Khirbat Qumbaza was a Palestinian Arab village in the Haifa Subdistrict, located 21.5 km south of Haifa, 3 km away from Wadi al-Milh. It was depopulated during the 1948 Arab-Israeli War in May 1948.

==History==
1 km to the southeast of the village site lay the maqam of Shaykh Quttayna, just below Khirbat Quttayna. Khirbat Quttayna has been identified by some scholars as the Canaanite place Kartah.

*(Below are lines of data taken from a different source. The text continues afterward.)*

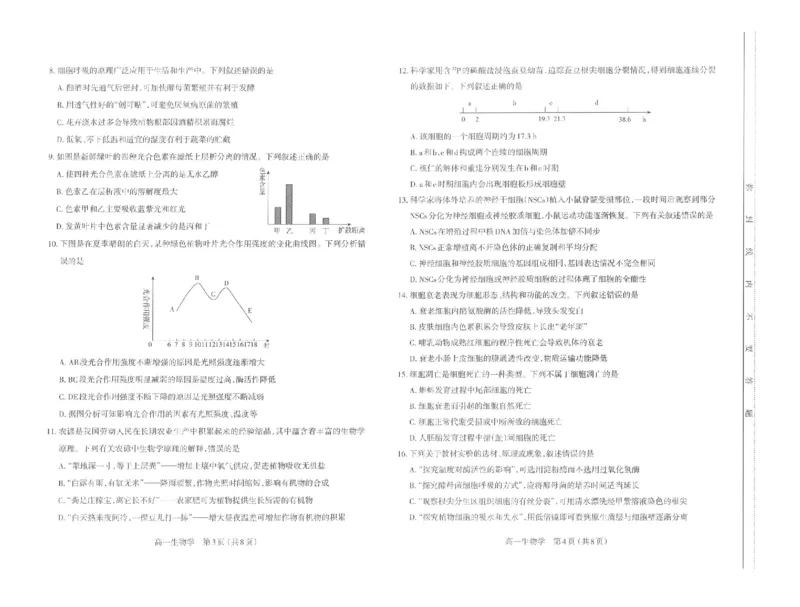高一生物太原市2025-2026学年高一年级第一学期期末学业诊断-生物学_2026年02月高一试卷_260207山西省太原市2025-2026学年高一上学期期末学业诊断（全）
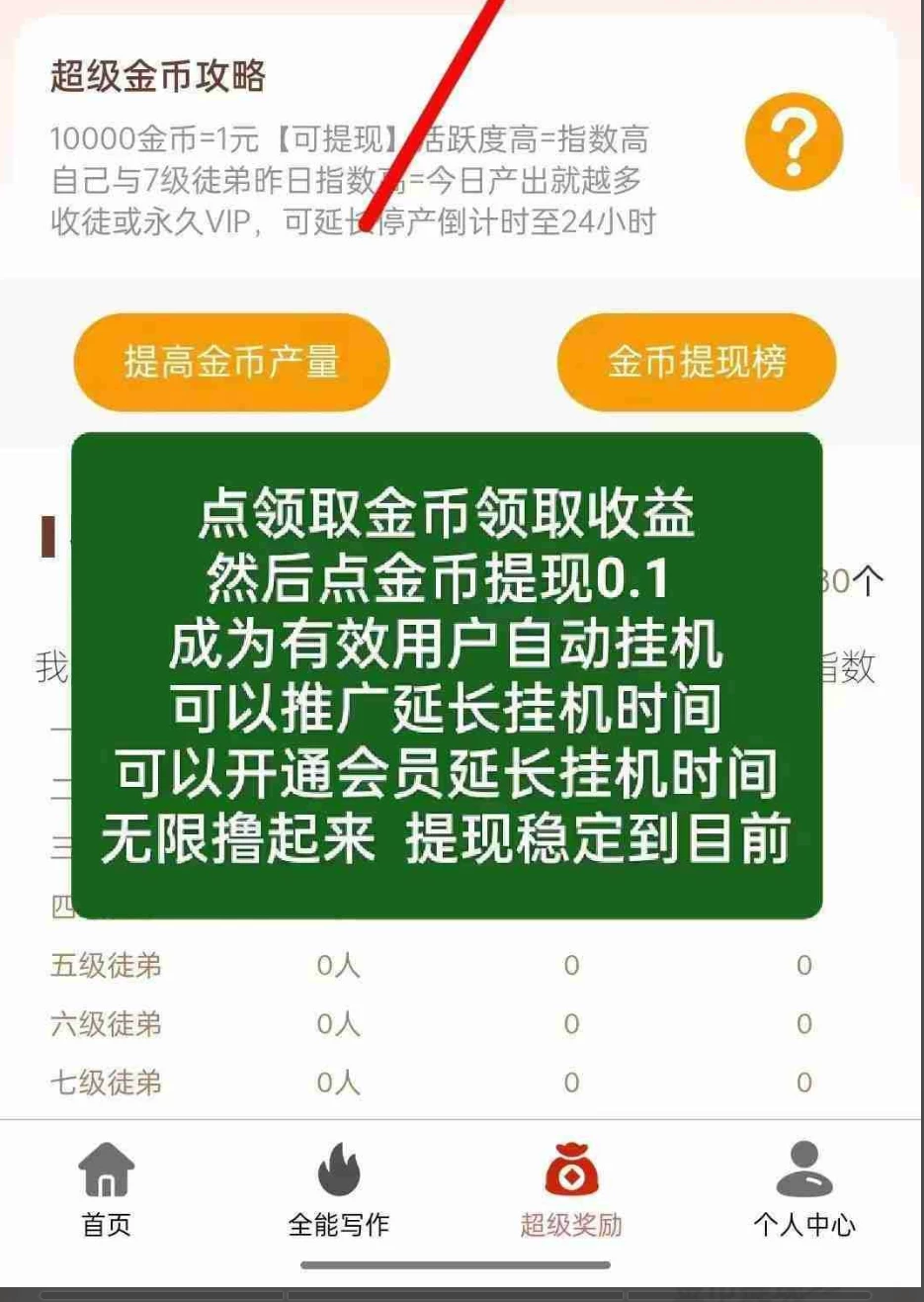Screenshot_2025_0803_111616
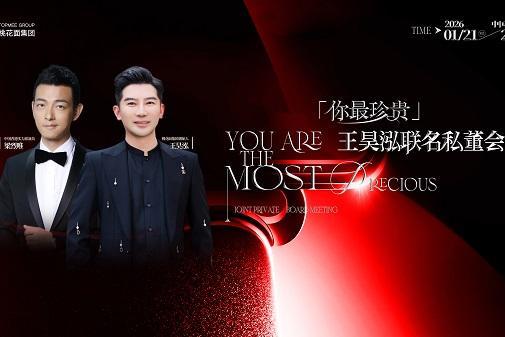 「你最珍贵」王昊泓联名私董会-第六期圆满成功 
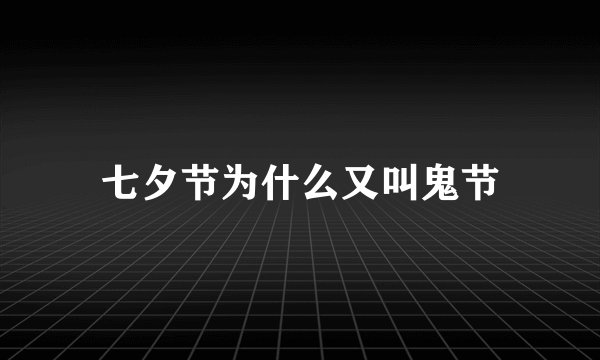 七夕节为什么又叫鬼节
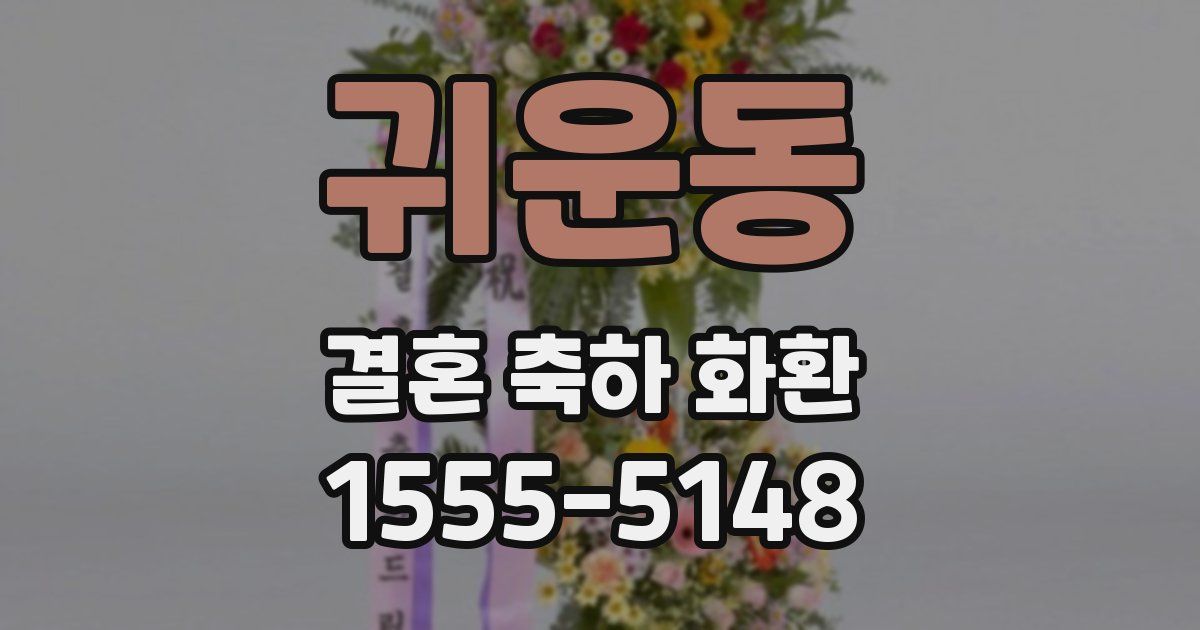 귀운동 결혼 축하 화환
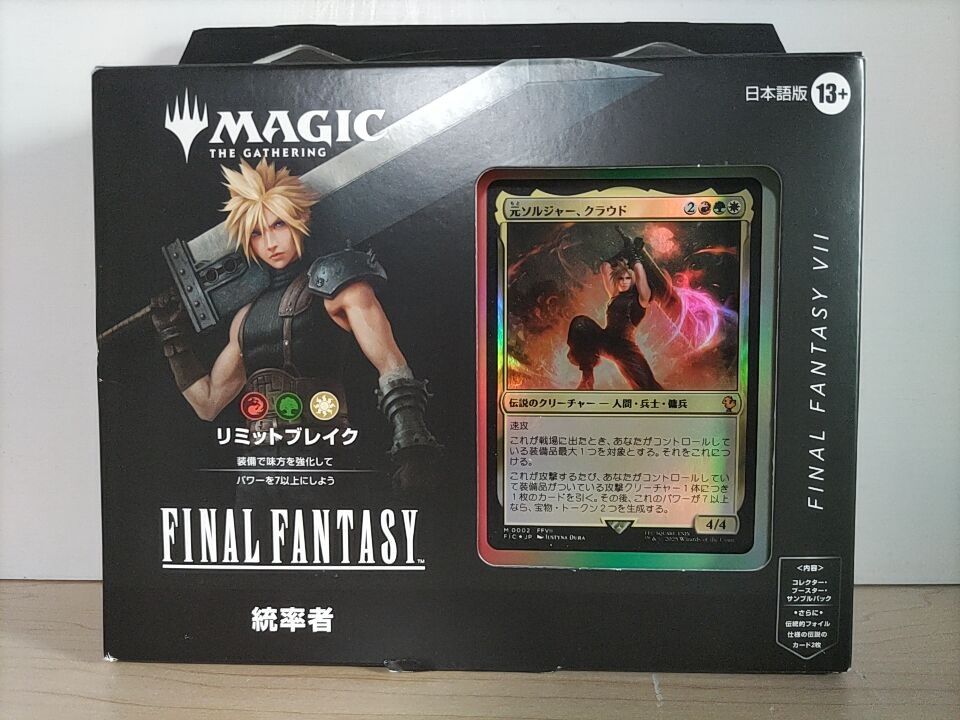 外箱未開封】MTG FF コレクター版 統率者デッキ4個セット 日本語版 mtg
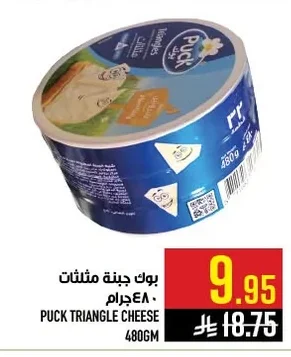 بوك جبنة مثلثات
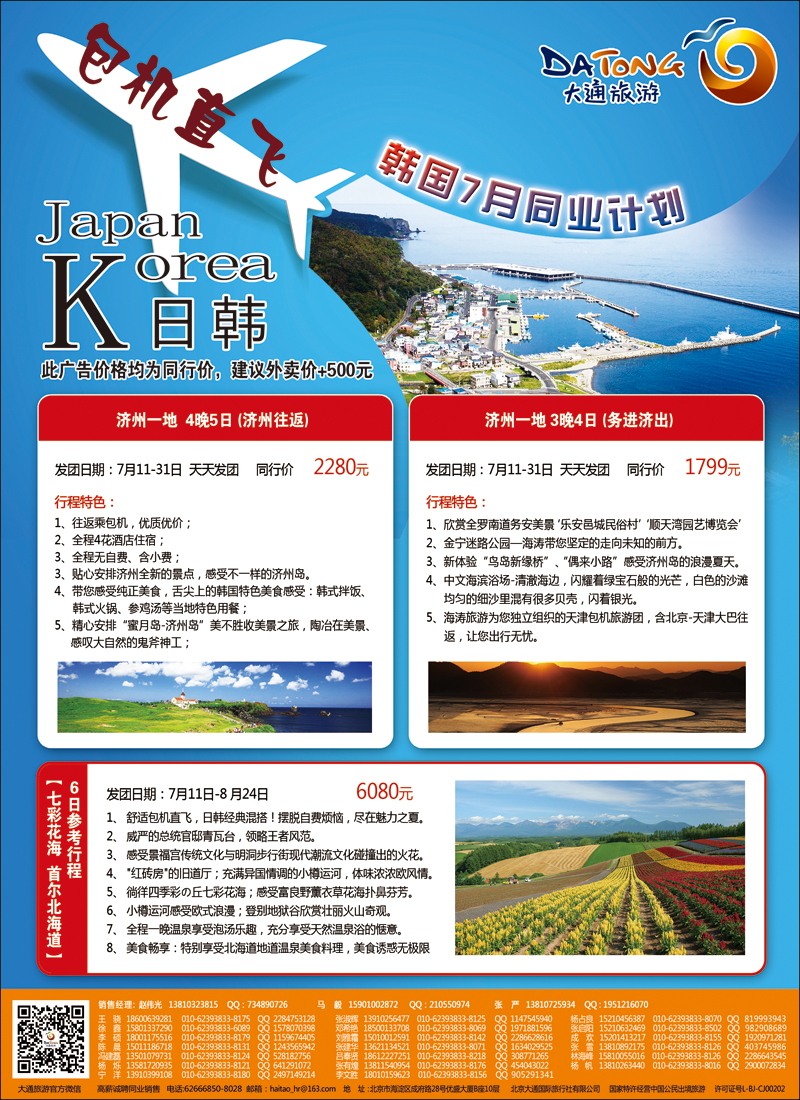彩50-55大通旅游3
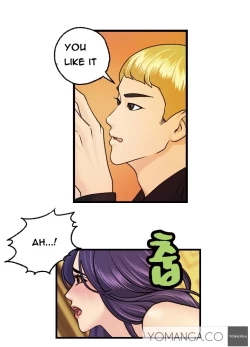 Page 123 of Guest House Ch.1-20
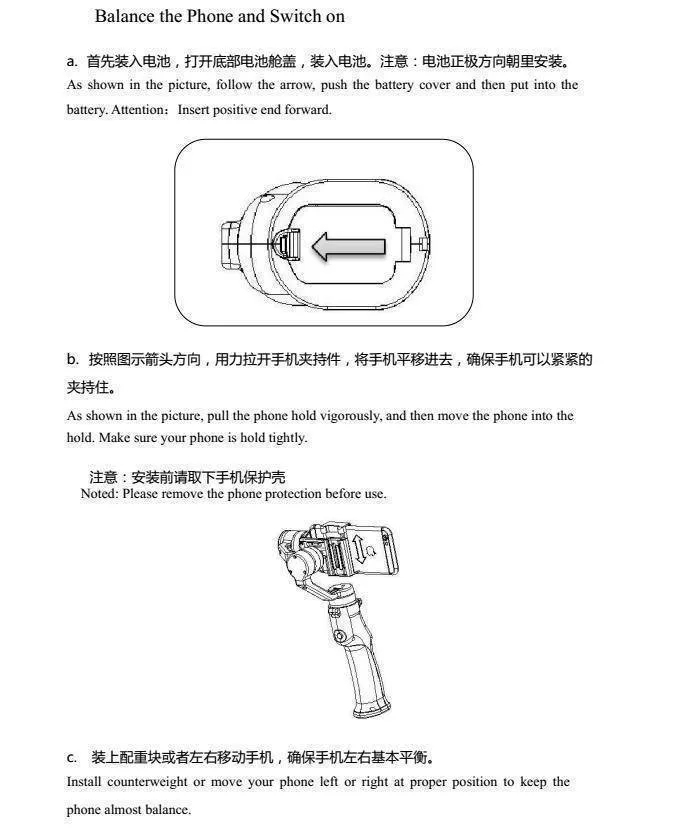 Smartphone Handheld Gimbal 3-Axis Stabilizer for iPhone and Android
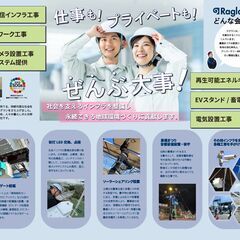 施工現場管理者の画像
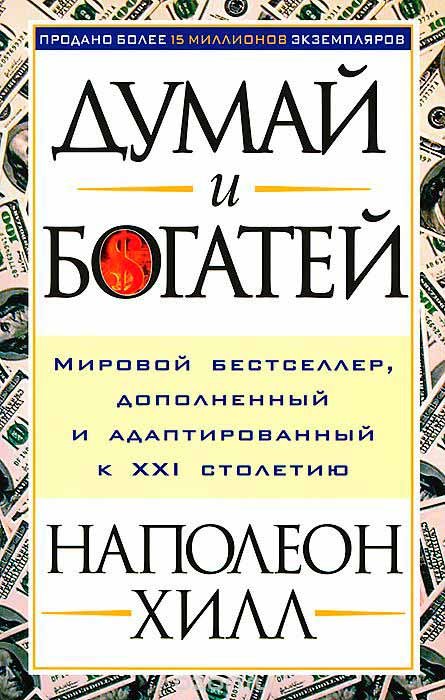 

Думай и богатей (978-985-15-4415-4 - 247)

In the 1882, the PEF's Survey of Western Palestine described Khirbat Qumbaza as "a small hamlet on high ground".

===British Mandate era===
In the 1931 census of Palestine, conducted by the British Mandate authorities, Khirbat Qumbaza was counted with Ijzim, Khirbat Al-Manara, Al-Mazar, Shaykh al-Burayk and al-Washahiyya. Together they had a population of 2160; 88 Christians and the rest Muslim, in a total of 442 houses.

===1948 and aftermath===
In July 1948, the IDF found hundreds of women, children and old people at Ijzim and nearby Khirbat Qumbaza. "More than 100" Arabs were reported killed, and about 100 militiamen were taken prisoners. Following the war the area was incorporated into the State of Israel, and according to Walid Khalidi, writing in 1992, some of the village's land was used by the Israeli army as military training ground, while the moshav of Kerem Maharal was close to the old village site.